Zur Befähigung wurde weiters in die seitens des erkennenden Gerichtes eingeholte fachliche Stellungnahme der WKO NÖ Einsicht genommen.
Darüber hinaus wurde betreffend die facheinschlägige Tätigkeit in die vom Beschwerdeführer vorgelegten Bestätigungen der Firmen E sowie C Einsicht genommen.
Dass der Beschwerdeführer die Fachhochschule für wirtschaftsberatende Berufe mit dem akademischen Grad Magister (FH) abgeschlossen hat, ergibt sich aus dem ihm vorgelegten Unterlagen.
Betreffend die Zuverlässigkeit wurde in das Strafregister, die Insolvenzdatei sowie das Finanzstrafregister Einsicht genommen.
Folgende rechtliche Bestimmungen kommen im gegenständlichen Fall zur Anwendung:
Die hier maßgeblichen Rechtsvorschriften der Gewerbeordnung 1994 – GewO 1994 idgF. lauten:
„§ 8.
(1) Voraussetzung der Ausübung eines Gewerbes durch eine natürliche Person ist ihre Eigenberechtigung.

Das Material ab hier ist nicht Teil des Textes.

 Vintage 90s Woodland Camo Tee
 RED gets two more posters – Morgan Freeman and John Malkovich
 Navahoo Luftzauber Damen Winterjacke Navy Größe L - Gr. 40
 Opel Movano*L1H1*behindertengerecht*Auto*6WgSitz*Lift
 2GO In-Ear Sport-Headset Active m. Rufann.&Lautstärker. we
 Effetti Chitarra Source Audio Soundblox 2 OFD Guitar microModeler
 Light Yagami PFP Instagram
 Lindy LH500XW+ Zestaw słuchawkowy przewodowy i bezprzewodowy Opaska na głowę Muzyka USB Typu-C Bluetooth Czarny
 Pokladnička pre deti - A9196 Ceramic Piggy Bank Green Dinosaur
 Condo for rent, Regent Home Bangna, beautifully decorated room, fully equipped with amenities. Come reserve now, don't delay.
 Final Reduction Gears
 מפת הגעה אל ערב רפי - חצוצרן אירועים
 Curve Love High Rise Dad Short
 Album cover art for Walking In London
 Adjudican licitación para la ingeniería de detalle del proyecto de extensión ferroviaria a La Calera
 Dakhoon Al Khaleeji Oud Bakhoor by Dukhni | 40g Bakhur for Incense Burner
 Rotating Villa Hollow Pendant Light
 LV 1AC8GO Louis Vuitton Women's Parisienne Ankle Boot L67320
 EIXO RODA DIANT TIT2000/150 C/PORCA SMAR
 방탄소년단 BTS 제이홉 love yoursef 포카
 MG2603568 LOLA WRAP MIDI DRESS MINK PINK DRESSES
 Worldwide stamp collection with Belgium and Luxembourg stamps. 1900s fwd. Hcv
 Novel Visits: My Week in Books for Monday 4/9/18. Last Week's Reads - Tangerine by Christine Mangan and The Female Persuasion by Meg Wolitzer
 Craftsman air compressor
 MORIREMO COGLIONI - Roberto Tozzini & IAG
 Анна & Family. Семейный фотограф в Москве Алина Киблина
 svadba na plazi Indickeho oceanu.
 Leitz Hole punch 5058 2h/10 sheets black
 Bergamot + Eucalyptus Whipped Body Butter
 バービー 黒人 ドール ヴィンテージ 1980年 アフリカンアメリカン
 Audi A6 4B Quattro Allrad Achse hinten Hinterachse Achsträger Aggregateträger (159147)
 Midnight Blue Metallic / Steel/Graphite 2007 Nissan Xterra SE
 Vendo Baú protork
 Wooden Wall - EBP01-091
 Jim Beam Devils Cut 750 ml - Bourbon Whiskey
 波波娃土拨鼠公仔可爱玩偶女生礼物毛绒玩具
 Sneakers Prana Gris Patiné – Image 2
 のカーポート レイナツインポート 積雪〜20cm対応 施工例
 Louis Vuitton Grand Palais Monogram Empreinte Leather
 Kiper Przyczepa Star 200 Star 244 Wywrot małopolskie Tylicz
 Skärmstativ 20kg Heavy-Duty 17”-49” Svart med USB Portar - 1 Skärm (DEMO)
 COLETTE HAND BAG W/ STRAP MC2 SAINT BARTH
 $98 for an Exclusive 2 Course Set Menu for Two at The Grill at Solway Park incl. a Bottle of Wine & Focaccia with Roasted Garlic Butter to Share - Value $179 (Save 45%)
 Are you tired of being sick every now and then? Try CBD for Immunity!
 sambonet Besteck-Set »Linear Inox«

(2) Nicht eigenberechtigte Personen und eigenberechtigte Personen, die noch nicht das 24. Lebensjahr zurückgelegt haben, können trotz Nichterfüllung der persönlichen Voraussetzungen nach diesem Bundesgesetz ein Gewerbe anmelden, wenn auf Grund einer Rechtsnachfolge von Todes wegen oder einer Schenkung auf den Todesfall mehr als die Hälfte eines Gewerbebetriebes auf sie übergegangen ist und hinsichtlich dieses Gewerbebetriebes keine Fortbetriebsrechte gemäß § 41 Abs. 1 Z 2 und 3 bestehen; für die Ausübung des Gewerbes muß jedoch ein Geschäftsführer (§ 39) bestellt werden. Bei nicht eigenberechtigten Personen hat der gesetzliche Vertreter die erforderliche Gewerbeanmeldung zu erstatten sowie den Geschäftsführer zu bestellen.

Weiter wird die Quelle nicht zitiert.